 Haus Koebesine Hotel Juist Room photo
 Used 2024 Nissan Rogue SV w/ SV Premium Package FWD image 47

--

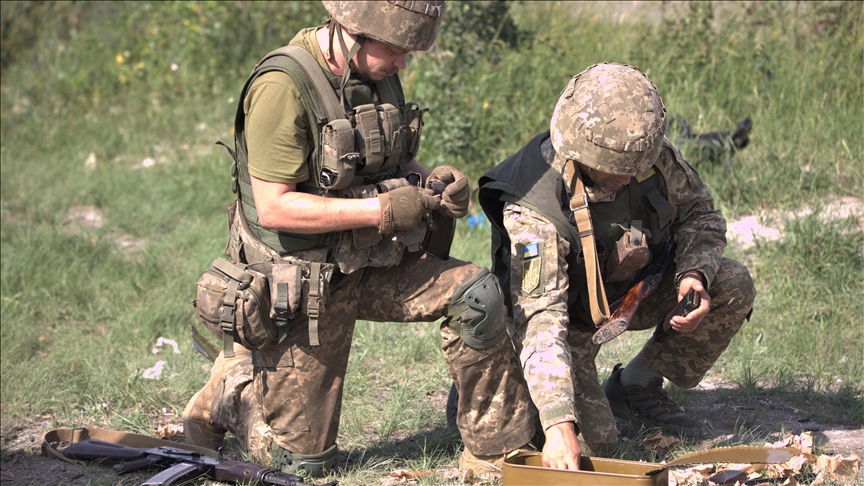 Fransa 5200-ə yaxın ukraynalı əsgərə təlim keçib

[TASK PROMPT]
Go to the line with "Haus Koebesine Hotel Juist Room photo" in the entries above and repeat every line from there through the line with "Used 2024 Nissan", exactly and with no other text.

[RESPONSE TO THIS EXERCISE]
 Haus Koebesine Hotel Juist Room photo
 Used 2024 Nissan Rogue SV w/ SV Premium Package FWD image 47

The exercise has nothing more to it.